Extensive laminated mats of algae are forming on the protected intertidal and supratidal flats of a highly saline lagoon, the Khor al Bazam, Abu Dhabi, southwest Persian Gulf. At the east end of the lagoon, the largest algal flat parallels the coast for 42 kilometers, and to the west another smaller one parallels the coast for nine kilometers. These flats, part of the seaward edge of a prograding coastal flat, have an average width of approximately two kilometers and a thickness of at least thirty centimeters. In some areas they extend landward in the subsurface for more than two kilometers, beneath a thin cover of evaporites and wind blown and storm washover sediments.

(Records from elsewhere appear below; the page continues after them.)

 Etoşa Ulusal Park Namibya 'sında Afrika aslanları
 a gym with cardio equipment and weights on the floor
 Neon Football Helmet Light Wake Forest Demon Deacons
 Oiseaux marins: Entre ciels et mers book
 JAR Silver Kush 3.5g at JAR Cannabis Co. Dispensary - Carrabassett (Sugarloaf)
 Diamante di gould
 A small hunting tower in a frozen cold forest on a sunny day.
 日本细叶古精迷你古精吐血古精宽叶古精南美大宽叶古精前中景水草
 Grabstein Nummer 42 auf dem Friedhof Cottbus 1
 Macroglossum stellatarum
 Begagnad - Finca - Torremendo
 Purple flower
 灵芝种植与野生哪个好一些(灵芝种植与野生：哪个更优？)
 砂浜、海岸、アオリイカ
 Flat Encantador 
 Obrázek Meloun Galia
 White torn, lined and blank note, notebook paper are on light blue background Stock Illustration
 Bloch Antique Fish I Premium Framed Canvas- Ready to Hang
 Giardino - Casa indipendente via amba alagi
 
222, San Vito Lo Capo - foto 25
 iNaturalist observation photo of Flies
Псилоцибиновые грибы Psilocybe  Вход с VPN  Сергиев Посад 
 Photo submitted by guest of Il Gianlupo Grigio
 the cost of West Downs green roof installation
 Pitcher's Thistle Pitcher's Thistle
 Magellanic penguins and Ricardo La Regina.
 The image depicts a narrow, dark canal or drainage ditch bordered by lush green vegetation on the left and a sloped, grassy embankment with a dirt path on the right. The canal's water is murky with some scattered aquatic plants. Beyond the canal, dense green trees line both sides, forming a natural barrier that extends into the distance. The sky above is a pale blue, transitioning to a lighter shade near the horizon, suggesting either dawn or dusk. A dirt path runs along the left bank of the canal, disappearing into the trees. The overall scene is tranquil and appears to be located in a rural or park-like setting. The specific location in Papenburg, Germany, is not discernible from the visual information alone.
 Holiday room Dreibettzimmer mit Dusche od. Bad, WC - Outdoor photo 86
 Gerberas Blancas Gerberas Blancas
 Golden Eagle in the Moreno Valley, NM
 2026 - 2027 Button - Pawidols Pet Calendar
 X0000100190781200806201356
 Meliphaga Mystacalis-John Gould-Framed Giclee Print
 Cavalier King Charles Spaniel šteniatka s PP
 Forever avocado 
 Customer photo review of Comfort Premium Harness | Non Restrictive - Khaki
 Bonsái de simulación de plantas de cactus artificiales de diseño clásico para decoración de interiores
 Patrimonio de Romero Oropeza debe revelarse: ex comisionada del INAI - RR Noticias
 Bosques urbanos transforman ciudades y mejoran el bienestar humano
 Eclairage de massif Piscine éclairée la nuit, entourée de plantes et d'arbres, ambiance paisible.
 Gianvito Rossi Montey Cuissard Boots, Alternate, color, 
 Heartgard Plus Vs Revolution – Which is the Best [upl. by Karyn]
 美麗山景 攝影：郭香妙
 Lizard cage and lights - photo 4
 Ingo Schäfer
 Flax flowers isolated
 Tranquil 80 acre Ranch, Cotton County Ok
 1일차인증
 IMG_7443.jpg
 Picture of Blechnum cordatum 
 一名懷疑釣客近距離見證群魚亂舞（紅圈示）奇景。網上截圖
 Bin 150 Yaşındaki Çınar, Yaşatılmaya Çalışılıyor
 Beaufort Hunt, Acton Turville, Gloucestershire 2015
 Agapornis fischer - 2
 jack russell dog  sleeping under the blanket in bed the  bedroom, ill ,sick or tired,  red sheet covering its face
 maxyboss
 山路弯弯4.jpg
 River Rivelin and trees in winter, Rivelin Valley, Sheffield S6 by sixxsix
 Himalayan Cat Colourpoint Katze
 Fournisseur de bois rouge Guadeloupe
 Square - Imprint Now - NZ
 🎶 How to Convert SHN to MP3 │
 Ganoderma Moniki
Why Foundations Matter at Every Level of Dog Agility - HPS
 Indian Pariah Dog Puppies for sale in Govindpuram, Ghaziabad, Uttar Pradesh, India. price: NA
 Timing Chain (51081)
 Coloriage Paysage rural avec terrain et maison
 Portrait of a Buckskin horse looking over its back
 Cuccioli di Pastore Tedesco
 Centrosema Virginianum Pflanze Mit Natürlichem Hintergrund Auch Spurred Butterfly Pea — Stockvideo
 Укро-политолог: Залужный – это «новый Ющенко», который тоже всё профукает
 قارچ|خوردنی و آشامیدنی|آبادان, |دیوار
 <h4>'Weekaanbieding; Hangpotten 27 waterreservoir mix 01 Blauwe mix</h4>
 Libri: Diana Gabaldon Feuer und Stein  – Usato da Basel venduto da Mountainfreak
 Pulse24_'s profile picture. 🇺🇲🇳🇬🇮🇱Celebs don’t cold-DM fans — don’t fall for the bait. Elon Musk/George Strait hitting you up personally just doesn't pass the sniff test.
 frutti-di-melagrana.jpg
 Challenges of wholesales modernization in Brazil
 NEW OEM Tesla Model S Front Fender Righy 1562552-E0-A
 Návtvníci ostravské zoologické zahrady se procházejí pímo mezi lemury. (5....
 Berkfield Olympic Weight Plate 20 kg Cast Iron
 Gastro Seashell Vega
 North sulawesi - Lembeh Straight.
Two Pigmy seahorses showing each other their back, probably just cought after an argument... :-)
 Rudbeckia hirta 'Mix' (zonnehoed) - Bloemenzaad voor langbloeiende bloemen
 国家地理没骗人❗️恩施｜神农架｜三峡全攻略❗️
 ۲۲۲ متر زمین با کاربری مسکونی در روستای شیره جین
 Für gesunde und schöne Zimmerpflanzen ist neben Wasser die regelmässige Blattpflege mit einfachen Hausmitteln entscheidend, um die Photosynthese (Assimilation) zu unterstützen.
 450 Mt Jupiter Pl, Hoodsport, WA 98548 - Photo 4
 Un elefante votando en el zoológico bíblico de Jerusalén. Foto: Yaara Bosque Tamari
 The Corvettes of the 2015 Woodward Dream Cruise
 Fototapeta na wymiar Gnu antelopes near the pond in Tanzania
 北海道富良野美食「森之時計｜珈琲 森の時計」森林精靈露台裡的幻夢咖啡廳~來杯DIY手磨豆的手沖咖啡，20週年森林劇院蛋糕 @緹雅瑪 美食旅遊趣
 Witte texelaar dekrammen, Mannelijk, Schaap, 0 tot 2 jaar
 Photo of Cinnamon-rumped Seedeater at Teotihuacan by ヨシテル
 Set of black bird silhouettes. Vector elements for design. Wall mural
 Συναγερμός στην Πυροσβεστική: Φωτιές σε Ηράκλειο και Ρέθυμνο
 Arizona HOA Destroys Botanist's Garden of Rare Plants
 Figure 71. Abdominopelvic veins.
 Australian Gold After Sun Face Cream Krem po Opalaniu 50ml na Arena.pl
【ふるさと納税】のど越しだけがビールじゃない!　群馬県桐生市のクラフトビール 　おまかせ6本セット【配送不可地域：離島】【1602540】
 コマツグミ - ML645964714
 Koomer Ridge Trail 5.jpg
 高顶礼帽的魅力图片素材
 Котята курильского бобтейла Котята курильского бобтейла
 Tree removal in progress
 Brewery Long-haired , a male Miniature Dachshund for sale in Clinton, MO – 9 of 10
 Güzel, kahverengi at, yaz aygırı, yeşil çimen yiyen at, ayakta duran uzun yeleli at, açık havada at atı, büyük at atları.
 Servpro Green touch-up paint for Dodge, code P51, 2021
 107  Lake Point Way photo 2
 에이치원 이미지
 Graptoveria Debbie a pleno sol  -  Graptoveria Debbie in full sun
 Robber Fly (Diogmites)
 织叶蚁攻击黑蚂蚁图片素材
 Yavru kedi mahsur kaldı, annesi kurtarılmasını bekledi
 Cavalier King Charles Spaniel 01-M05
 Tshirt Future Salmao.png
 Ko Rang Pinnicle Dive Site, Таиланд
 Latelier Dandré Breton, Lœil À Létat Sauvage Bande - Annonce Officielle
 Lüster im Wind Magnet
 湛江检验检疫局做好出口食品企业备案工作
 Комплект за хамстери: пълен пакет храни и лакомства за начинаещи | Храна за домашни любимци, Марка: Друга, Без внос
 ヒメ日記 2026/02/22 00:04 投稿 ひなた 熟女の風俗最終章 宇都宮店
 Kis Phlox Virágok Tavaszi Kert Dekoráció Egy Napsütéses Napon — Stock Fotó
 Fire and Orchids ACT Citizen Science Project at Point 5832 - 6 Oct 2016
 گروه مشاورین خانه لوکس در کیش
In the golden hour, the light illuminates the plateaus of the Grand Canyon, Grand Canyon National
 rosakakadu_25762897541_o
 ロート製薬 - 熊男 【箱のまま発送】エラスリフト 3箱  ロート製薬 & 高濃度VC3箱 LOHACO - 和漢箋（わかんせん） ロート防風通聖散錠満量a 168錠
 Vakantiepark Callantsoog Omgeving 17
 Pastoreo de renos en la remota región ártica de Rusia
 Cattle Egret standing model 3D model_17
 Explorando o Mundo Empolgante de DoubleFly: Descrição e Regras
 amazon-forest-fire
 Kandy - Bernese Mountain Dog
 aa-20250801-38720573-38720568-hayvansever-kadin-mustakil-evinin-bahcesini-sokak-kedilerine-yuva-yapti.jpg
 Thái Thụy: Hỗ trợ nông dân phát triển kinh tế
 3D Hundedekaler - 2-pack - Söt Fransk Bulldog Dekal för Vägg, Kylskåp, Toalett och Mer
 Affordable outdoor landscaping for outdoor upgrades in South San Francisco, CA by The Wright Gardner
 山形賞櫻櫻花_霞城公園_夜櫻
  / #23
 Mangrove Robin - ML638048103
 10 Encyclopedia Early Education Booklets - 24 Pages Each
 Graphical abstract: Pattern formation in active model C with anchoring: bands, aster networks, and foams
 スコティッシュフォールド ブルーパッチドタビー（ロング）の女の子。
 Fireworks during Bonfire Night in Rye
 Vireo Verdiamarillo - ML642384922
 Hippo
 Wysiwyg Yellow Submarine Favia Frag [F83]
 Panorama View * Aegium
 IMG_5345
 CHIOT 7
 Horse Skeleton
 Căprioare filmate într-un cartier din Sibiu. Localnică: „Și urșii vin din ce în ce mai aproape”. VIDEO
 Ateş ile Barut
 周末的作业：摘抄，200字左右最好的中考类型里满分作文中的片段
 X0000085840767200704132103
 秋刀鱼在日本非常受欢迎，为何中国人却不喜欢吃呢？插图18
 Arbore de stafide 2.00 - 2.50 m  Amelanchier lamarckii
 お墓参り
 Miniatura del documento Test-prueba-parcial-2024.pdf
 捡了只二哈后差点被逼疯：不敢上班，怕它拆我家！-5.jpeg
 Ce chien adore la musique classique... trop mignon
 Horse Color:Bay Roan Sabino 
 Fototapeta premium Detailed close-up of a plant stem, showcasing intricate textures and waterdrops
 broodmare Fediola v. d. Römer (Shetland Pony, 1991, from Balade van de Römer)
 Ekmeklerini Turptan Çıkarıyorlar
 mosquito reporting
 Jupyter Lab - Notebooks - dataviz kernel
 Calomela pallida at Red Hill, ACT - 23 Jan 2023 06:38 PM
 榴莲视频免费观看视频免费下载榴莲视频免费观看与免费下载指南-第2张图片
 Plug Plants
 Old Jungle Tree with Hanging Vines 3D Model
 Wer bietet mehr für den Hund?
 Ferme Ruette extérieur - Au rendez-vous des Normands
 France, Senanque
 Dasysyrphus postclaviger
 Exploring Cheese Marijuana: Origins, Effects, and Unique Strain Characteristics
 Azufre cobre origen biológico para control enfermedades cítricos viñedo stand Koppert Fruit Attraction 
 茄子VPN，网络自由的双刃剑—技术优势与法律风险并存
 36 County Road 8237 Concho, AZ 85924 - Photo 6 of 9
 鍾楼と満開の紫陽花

Smaller flats occur in the shelter of islands, headlands, and swash bars. The larger algal flats are divided on the basis of surface morphology, into four geographical belts. From the high-water mark seaward these are: (1) Flat zone--firm, smooth algal mat, with no topographic relief, overlying quartz-rich carbonate sand and evaporites; (2) Crinkle zone--leathery algal skin forming a blistered surface over gypsum and carbonate mush; (3) Polygonal zone--algal mat separated into desiccation polygons a few centimeters to two meters in diameter, which cover laminated algal peat; carbonate sand and mud fills the cracks between the polygons. (4) Cinder zone--a warty black algal surface, the color and size of the raised bumps resembling a weathered volcanic cinder layer. These bumps, shaped like small pustules two to three centimeters in diameter, cap an unlaminated algal and sediment peat. The algal growth and structures appear to be determined by the frequency and duration of subaerial exposure and the salinity of the tidal waters; they are only related to wave energy when limited by wave and tidal scour at the edge of the Cinder zone and along ebb channels.